The way the Honda behaved on the Amaroo track was, quite naturally, very different from the 2000 km done on the highways. The comparison between the CBX and XS Eleven giants and the lithe Ducati demonstrated that a machine with a greater all-round highway aptitude may suffer in the race results.
The Ducati, with about half the power of the bigger bikes, could lap consistently within a half second of the musclebikes. Yet the average rider will tend to favour the muscle and perhaps never realise that the real motorcycle message would come from the other machine.
In many ways the big machines create problems on the track which are certainly found on the roads. Tyre wear is rapid and the weight makes stopping under adverse conditions tricky; and the combination of power and weight can require a musician’s touch from riders in bad weather on poor highways.
Smaller, lighter and less powerful bikes such as the Ducati do not have the same inherent traits. Therefore they are, over a long period on the highways, a lot less demanding on the rider. Perhaps also more rewarding, but I guess that’s up to individual assessment.
At Amaroo there were none of the bumps and whoopdies, no ‘roos, no hidden sand or mud around corners. But howling wind and the clay and dirt made the Amaroo corners seem about right for some roads. Without hurrying, the four A-graders went from 65s down to 61s, but no-one went under that on the day.
Using the Honda power at around 6000- 8000 (there’s a good 2500 left) and staying in a higher gear, high 61s came my way. First time on the track and I thought it was neat. Not only can you ride hard; you don’t have to spend $2 on a hotwash machine to clean the bike on the way home! I think I could like road-racing.

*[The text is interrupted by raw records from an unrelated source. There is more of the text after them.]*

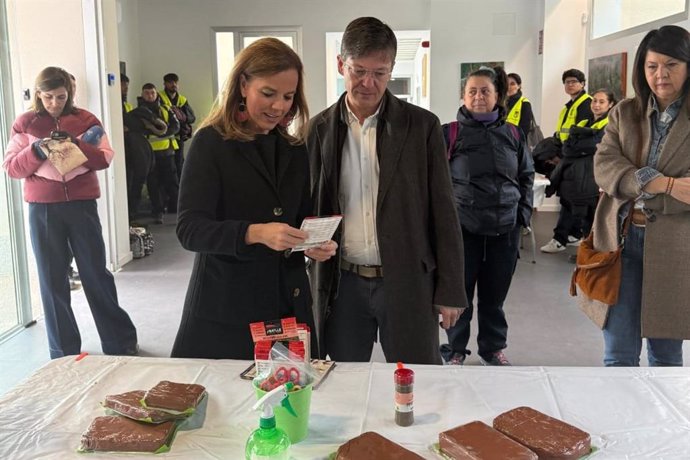 San Blas-Canillejas presenta 'La Quinta esencia: la floración del almendro'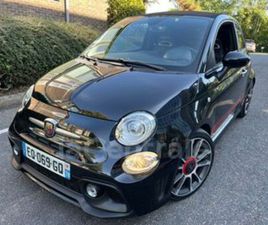 II GENERATION2 C 595 1.4 TURBO 16V T-JET 165 BVA5 TURISMO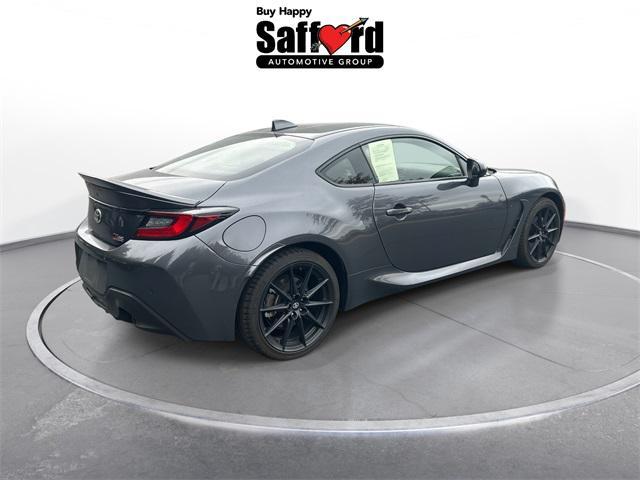 used 2024 Toyota GR86 car, priced at $31,975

Interstate running is not road-racing. It is highway tripping and it offers a greater degree of round-table riding experience. The CBX performed well on tour, on tripping and around the city. And hooning? It proved diabolically simple to pull up on long monowheels. But it turned into a 160 km/h marshmallow at times at Amaroo – the same as the XS Eleven (not just my comments).
It also ran out of brakes and threatened to finish off the already well-used rear Metzeler tyre within a couple of hours. The Ducati was obviously slower in sheer acceleration but it was far easier to ride. Not “just squirt between corners” so to speak. It stopped shorter and better-controlled than the others and the suspension was better for sports riding and racing (although that may just be the fact of less weight and longer wheelbase – not superior design!)
I think any competent rider with sound judgement could lap consistently on any of the bikes: Yamaha, CBX, Ducati or whatever. But the art of racing lies in doing it beyond the razor’s edge, and in showing form like the 59 seconds of Hailwood on a 750 Ducati at the Six-Hour.
In terms of what a bike does, racing is totally off the highway scene. Very few of us, very few of any of the riders in the country, have the skills which make great riders like Crosby, and the riders who lead the production racing here and elsewhere add a dimension few of us can understand. They can, and do, control some of the meanest production machines ever built along a tightrope of traps.
So for Joe Cool-turned-racer finding out you want to be macho is one thing, getting the bike is another and then trying to live with it all can be the big trip. Yes, I can’t help thinking that bikes like the Ducati will not make the limelight and that will mean many potential owners will never get to enjoy what it offers.
Unlike the road, the racetrack will never prove just how good the different bikes are – it will show only the best riders.